■ **EXERCISE**: Look for the string "with" in the data below, and copy each line that holds it.
---------- DATASET EXTRACT ----------
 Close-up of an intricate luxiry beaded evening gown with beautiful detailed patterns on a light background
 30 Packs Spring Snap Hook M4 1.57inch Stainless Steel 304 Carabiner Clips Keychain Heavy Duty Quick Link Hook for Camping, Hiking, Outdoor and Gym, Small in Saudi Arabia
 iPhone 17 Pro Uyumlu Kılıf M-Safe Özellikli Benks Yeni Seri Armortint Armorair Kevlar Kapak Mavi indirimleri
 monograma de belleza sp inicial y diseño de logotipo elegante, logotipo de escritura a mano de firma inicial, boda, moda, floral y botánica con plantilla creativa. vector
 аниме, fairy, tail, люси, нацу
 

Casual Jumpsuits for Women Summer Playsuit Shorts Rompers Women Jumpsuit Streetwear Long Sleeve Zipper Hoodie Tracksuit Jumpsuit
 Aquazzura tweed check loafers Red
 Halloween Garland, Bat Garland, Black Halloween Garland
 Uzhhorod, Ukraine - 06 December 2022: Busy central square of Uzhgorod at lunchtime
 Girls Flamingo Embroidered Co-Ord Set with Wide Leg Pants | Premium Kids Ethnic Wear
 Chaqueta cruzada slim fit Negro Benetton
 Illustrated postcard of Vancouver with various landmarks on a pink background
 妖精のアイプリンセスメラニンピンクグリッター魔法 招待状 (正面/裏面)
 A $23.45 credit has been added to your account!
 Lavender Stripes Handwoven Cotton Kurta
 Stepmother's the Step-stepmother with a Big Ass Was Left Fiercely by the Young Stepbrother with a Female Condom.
----------
■ **REPLY TO THE TASK**:
 Close-up of an intricate luxiry beaded evening gown with beautiful detailed patterns on a light background
 Girls Flamingo Embroidered Co-Ord Set with Wide Leg Pants | Premium Kids Ethnic Wear
 Illustrated postcard of Vancouver with various landmarks on a pink background
 Stepmother's the Step-stepmother with a Big Ass Was Left Fiercely by the Young Stepbrother with a Female Condom.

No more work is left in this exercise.